Dril put his hands up, in frustration and surrender. “I’m trying to make the best of a…”

“Cabin fever. Isn’t that what you call it?”

“On the moon, it is called ‘existential angst’.”

“Thank you, Dr. Freud.”

Dril touched Myr’s elbow. “Come on, Babe. We never look at the earthrise anymore.” He waved his hand and the shaded, domed window automatically brightened. The colorless moonscape spread before them with Earth’s blue orb peeking from behind the distant mountains.

“Stark.”

Dril shook his head. “Look at the Earth, Babe. We’ll be going home before you know it. Think how much you’ll appreciate being back.”

“Are we there yet?”

“You’ve heard that you can’t go home again?”

“Watch me.”

Dril stood back. The moment had passed. “I’m going to go out and check the sensors.” He pointed to the counter stacked with various tools and gizmos. “Would you hand me the razzafraz?”

Myr looked at the disorderly mess Dril called his workbench. She picked up the tool on top of the others. “You mean this?”

“No. That’s the franaham… Next to the thingamajig.” Myr picked up another tool at random and held it up. “Thank you.” He took the tool from her and moved toward the airlock.

“Will you be long?”

“No. You know, routine maintenance. Never can say when some asteroid will wreak havoc on our survival systems.”

“I hate when that happens.”

Dril chuckled and ducked through the bulkhead door. He stepped into his suit, secured the safety devices and donned his helmet. Taking his time, he checked the vid-feed and sound system, a routine as ingrained and natural as brushing his teeth before bed. All systems were a ‘go’.

Not that Myr would be monitoring his progress. Lately, her heart wasn’t in it.

He checked the seals on the interior door and activated the exterior door. The small room filled with steam for a moment as the air froze and then escaped into the void.

Dril scanned the bright horizon. It still quickened him to take in this alien moonscape. It never changed. But he did. Each day, his perception of this perpetually static scene seemed fresh by what he brought to it. The frozen nature of it grounded him somehow.

And of course, he thought of what ‘phase’ they were in. He could never shake the earth-centric perspective. But now, Dril would also note Earth’s phase.

After watching Earth’s rise above the horizon, Dril checked the various monitors distributed around their home base and the outer shell of their home. With few variations, all seemed in order.

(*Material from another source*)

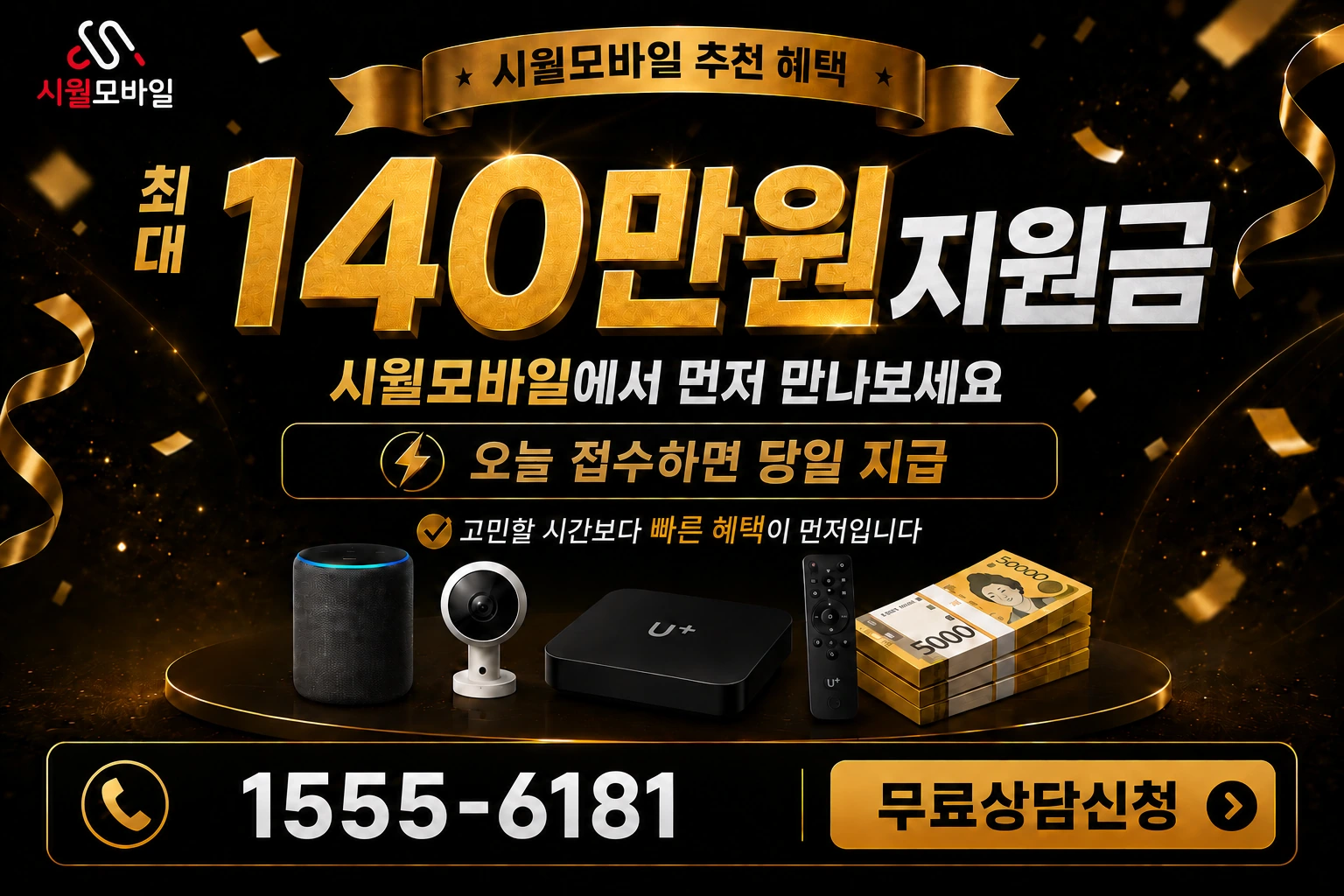 제주시 한경면 용당리 인터넷 가입 혜택 안내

He chuckled at his own joke. “The barometer seems stuck. Weird, no air pressure at all.”

When on the frontier of space like this, Dril always celebrated an ordinary day.

Seeing the giant ‘S. O. S’ scrawled in the dust by Myr, always made him smile. That happened after their first few weeks on base.

Dril remembered watching her shuffling around in an aimless manner on the landing pad near their base camp. Or so he thought.

“What are you doing?” he asked.

“Sending a message to anyone who might be paying attention,” she answered.

Then he recognized the letters, wide as Stonehenge. Gigantic letters to be read by someone, anyone above them in the sky.

They read, “S. O. S.” Sans serif.

He knew she meant it. Keeping her morale up kept him busy. That was his hardest job.

~

Myr watched the airlock door shut. Though a daily occurrence, seeing Dril go out distressed her. What if something happened to him?

Of course, she knew all the routines and procedures. But to be alone out here on this rock… She shuddered at the thought. At first, it seemed a romantic adventure. Like being on a desert island together. Dril called it their ‘dessert island’. She never imagined how desolate the whole thing would be.

Myr entered the conservatory. She spent most of her time there. The humidity, greenery, and oxygen-rich air kept her sane. She loved caring for the plants more than anything. They were her life.

She liked the sunshine streaming into the greenhouse. The windows filtered the harsh light to a level the plants could tolerate. And she had artificial light to accommodate the long lunar nights.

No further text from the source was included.